At the lo-fi end, check out the ASCII art (pictures made from characters available on a standard word-processor keyboard) at Wigwam (http://wigwam.askoyv.no/Ascii). Evoking those carefree times when ZX81s were more than amusing ornaments for the mantelpiece, this is an exhaustive gallery holding hundreds of creations ranging from the zoological (rabbits seem to be the most popular) to the illogical (why would people want to construct pictures of sewing machines - see "electric stuff" - from equals signs?).

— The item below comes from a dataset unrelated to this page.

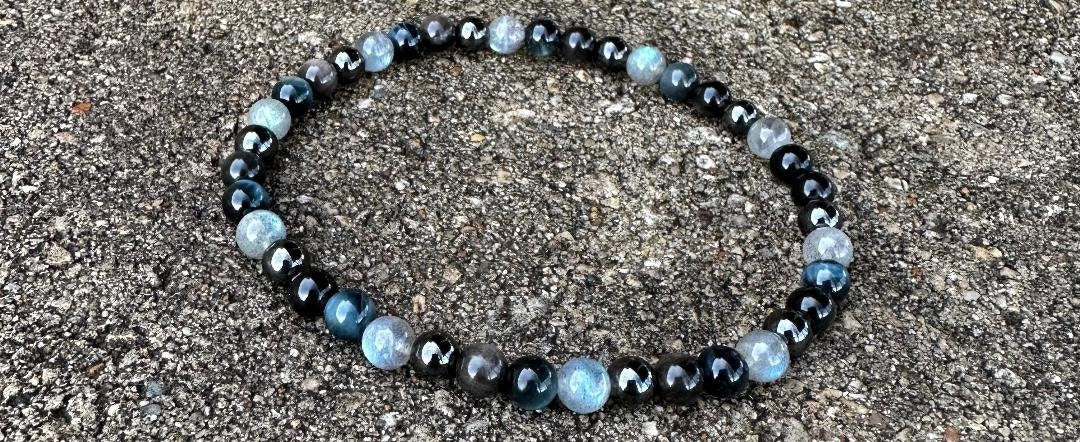 Self Empowerment Anklet - Strength & Courage " You are the Universe " AAA Blue Tigers Eye - Labradorite - Silver Obsidian Crystal Gemstones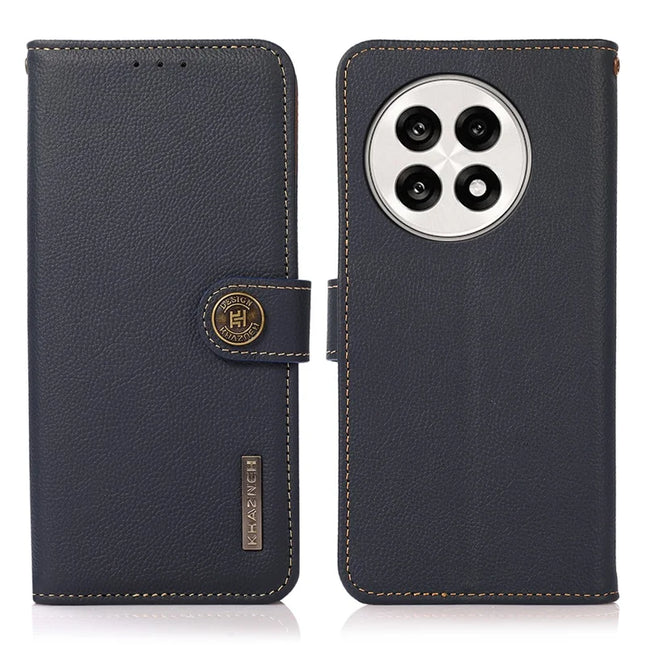 KHAZNEH Wallet Case for OnePlus 13R 5G / Ace 5 5G / Ace 5 Pro 5G Genuine Cow Leather Phone Cover - Blue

At the other end of the scale, art webzine Day-dream (www.day-dream.com) has been churning out unfathomable, but very inventive, spaces since it began in 1996. The creators obviously find it an affront to their credibility if you press "back" on your browser, so be prepared to enter a baffling though beautiful world, into which you just can't help but fall deeper and deeper.
Finally, if you need some real-world spaces to admire, but can't afford airfares to deprived inner cities around the world, ArtCrimes (www.graffiti.org) houses a comprehensive album of snapshots of global spraycan art. This fast site takes you on a grand tour from the street statements of Sao Paolo to the polis poetry of Peterborough.
Safety catch
www.extremesports.com
Fed up with safe sites, on-line or off? Then Fielding Travels' Danger Finder (www.fieldingtravel.com/df/index.htm) could be for you. A digital version of Robert Young Pelton's World's Most Dangerous Places book, it has all you need to know about the world's hottest spots. If you want to find out where the Tamil Tigers of Sri Lanka are coming from, or to e-mail the Taliban in Afghanistan, this is your best bet. Each dangerous place is extensively, and wittily, catalogued, and there is an answer to the vexing problem of exactly what constitutes "dangerous".
For another dose of adrenalin, try the just-up Extreme Sports (www.extremesports.com), for reports, features and interviews. There's a boards and bikes bias, but we're promised message forums and on-line shopping for those hard- to-get bits of quality gear soon.